Annually 350 to 500 million cases of malaria occur world-wide, as well as over 1 million people die, the majority of them young children.
The Anopheles Malaria Mosquito. Where malaria disease is located depends mainly on climatic factors like temperature, humidity, and rainfall. The main areas where malaria disease can be found are; Africa, Madagascar, India and Latin America. Malaria is transmitted in tropical and subtropical areas, where host mosquito, of the genus Anopheles, will be able to survive and multiply. You can find approximately 430 Anopheles mosquito species, only 30 to 40 of which transmit the malaria parasite.

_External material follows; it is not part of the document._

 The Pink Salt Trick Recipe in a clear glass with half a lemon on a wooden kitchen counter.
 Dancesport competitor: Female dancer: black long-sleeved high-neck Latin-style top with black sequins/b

Only in areas where the malaria parasites can complete its growth cycle in the mosquitoes can humans be infected. You will find four varieties of malaria parasite that may infect humans these are; Plasmodium falciparum, P. vivax, P. ovale, and P. malariae. The time needed for growth and development of the parasite inside the mosquito (the extrinsic incubation period) ranges from 10 to 21 days, depending on the parasite species as well as the temperature.
Spider poison a scientific breakthrough to battle malaria – Scientists from your University of Maryland have tested a drug from spider poison, a scientific breakthrough that could end the international fight against malaria.
Scientists have even reached the spider’s poison that can kill malaria-carrying mosquitoes, when fungi enter into contact with insect blood, in a scientific step that may fight other mosquito-borne diseases, such hlomqc dengue fever and zika.
Scientists feel that utilizing the same technology some day can fight various other mosquito-borne diseases, including zika and dengue fever.
By utilizing fungus combined with traditional insecticides, scientists believe they could prevent mosquitoes from developing resistance. The identical technology may be used once to battle other mosquito-borne diseases, including zika and dengue fever.